Essi non sanno che farsene di un cristianesimo rimpicciolito, ridotto alla misura dell’uomo del giorno, come una moda di stagione:
vogliono un cristianesimo grande. Lo vogliono immenso. E così non amano una chiesuola: vogliono una chiesa, grande, sterminata, in cui entri regolarmente tutta l’umanità, popolo di Dio. Se le vocazioni difettano è anche perché ai giovani non basta neppure la somma di difficoltà e di ardimenti esterni che talora si offre loro: essi vogliono la castità, in un mondo incestuoso, vogliono la povertà, nell’orgia del Mammona, vogliono l’amore, in una società vivisezionata dagli odi. Si annoiano in comunità in cui si evita, o si esita a parlare di unione con Dio,di meriti di Maria Vergine, di preghiera e di penitenza; dove non vive costantemente la vita del Corpo mistico, come comunione soprannaturale coi fratelli e con Dio, come concittadinanza con Dio svolta tra i cittadini del mondo, per incarnare nell’episodio dell’esistenza umana le grazie della vita divina. Per essere Cristo fra i fratelli, per i fratelli.

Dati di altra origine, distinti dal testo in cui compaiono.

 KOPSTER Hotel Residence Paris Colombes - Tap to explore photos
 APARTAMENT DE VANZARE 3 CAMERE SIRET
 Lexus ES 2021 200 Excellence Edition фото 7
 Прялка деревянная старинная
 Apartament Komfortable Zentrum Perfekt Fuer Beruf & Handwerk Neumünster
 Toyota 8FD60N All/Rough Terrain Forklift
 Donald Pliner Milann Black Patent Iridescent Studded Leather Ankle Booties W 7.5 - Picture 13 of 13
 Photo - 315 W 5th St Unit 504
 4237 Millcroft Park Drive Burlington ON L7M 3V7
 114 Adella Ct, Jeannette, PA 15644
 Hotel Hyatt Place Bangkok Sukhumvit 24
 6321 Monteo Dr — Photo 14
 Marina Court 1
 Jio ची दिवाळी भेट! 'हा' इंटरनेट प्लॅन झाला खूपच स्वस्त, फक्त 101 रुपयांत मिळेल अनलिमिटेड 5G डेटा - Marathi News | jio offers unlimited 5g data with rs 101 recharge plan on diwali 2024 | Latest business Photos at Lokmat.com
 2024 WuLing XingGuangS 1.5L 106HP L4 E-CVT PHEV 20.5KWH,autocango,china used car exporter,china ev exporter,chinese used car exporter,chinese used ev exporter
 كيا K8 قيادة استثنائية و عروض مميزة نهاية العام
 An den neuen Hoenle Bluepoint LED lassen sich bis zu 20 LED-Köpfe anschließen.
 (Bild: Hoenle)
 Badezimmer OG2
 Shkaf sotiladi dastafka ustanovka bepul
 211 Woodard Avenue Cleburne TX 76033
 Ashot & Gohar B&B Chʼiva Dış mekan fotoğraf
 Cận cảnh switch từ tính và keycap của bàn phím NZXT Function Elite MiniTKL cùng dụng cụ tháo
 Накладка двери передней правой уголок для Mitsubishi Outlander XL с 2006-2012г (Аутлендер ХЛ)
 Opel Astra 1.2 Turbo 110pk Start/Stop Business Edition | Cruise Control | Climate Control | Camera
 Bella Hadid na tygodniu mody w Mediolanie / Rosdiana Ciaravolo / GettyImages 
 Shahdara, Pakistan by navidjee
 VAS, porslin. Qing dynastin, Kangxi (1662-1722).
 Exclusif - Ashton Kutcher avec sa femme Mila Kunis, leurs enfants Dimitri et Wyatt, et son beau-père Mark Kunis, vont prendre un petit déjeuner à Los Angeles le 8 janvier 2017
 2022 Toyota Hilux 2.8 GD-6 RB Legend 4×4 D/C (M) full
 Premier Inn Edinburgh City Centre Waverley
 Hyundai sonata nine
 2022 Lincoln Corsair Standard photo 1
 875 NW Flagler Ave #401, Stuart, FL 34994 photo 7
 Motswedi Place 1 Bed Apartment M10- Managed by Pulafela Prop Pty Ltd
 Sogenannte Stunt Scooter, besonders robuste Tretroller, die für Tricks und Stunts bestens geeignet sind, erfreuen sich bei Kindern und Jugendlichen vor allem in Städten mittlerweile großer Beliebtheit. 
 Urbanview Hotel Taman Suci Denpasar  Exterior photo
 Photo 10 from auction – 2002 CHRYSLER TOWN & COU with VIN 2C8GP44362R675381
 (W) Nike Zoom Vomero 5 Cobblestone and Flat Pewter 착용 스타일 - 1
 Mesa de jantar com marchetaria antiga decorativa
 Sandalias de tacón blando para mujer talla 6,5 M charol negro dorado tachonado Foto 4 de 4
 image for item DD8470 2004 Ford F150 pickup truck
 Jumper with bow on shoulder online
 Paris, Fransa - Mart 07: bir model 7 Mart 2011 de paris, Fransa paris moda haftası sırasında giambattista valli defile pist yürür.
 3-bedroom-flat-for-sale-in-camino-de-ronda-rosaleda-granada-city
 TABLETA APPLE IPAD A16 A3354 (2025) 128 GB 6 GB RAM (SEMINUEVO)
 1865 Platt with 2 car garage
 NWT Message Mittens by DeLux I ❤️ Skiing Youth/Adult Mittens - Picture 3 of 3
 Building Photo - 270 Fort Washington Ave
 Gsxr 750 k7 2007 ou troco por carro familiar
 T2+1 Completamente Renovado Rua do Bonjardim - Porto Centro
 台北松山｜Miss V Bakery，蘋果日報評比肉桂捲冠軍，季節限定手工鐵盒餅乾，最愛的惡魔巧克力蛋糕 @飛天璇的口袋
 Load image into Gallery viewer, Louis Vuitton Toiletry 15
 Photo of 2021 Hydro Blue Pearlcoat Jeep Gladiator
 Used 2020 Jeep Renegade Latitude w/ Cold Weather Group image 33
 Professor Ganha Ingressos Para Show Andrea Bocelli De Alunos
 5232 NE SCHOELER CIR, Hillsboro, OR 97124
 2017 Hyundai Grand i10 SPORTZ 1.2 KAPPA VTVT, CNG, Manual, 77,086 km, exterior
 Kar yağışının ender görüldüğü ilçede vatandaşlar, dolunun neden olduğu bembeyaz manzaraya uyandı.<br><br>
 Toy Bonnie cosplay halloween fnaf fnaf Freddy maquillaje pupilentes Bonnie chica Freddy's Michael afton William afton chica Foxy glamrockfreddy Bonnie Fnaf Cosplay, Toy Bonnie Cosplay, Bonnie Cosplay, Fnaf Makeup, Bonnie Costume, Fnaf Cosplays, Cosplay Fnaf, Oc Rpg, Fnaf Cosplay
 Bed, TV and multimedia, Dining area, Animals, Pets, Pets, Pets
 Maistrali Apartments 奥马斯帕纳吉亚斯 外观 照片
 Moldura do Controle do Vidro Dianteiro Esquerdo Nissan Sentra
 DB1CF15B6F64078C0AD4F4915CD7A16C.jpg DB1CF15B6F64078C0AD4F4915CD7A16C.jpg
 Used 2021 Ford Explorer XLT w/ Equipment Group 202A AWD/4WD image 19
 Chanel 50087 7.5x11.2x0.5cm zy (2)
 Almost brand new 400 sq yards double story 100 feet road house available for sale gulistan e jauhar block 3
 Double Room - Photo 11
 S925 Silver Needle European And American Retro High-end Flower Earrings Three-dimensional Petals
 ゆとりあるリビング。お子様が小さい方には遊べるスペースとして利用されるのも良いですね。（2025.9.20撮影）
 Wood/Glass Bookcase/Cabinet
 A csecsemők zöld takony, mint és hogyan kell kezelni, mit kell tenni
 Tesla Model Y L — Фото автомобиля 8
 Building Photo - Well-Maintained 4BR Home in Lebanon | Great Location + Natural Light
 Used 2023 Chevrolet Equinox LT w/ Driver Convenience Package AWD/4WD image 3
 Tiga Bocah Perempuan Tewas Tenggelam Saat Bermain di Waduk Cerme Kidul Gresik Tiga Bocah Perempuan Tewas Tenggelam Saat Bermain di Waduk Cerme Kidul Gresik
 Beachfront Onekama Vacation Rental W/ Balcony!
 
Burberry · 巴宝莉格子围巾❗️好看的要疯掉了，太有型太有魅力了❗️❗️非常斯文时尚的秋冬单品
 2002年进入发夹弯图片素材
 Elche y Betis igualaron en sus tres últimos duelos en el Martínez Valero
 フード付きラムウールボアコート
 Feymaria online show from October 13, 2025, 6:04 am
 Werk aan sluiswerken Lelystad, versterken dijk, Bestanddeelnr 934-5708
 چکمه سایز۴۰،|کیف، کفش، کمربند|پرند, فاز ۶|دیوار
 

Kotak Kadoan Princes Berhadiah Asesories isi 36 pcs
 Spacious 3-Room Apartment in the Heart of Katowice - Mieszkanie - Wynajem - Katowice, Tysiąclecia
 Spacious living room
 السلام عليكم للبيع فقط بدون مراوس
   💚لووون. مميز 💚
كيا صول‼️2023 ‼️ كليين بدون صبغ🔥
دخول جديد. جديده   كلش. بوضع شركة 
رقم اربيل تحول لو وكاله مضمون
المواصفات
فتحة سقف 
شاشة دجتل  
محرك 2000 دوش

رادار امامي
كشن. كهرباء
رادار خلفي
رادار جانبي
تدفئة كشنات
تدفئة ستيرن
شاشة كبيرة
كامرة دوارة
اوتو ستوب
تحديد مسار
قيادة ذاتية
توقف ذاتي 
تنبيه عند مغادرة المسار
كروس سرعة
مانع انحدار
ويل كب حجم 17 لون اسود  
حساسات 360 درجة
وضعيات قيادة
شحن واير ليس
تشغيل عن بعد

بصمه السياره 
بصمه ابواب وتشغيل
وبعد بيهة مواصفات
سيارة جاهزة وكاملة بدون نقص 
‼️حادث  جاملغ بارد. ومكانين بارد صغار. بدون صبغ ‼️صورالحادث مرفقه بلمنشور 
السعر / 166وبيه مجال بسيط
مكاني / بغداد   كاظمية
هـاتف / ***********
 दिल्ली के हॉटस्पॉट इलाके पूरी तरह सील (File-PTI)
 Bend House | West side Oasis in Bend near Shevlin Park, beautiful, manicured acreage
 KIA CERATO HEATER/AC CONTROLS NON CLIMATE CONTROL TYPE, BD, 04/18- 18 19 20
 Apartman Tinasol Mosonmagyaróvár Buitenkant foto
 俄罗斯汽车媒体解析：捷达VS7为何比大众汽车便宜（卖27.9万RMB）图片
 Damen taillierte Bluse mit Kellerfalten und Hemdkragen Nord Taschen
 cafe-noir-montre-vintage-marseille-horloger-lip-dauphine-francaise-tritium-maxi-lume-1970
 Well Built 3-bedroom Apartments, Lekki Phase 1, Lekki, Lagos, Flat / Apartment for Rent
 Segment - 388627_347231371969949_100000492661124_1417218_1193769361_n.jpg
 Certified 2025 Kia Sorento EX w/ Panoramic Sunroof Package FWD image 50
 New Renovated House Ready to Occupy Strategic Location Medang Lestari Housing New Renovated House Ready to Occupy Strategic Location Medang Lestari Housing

Non basta quindi loro una religione ridotta a sola cultura, a organizzazione, a tecnica d’apostolato, a disquisizioni e elucubrazioni estetiche o metafisiche o letterarie.
Cercano, i giovani, timidamente magari, sotto un aspetto di cruccio e di rivolta. Cercano Cristo, come lo cercarono, prima dell’Incarnazione, i popoli pagani; e lo cercano,
perché sono avidi di amore: ma amore, non nel senso, o almeno, non solo nel senso naturale, ma carità
soprannaturale che, nel pratico, li accomuni alla massa ignuda e sofferente, e per essa alla Potenza sovrumana e alla Paternità divina, a cui l’anima loro,
naturaliter christiana, istintivamente anela: un amore che l’immetta nel circuito della vita di Dio.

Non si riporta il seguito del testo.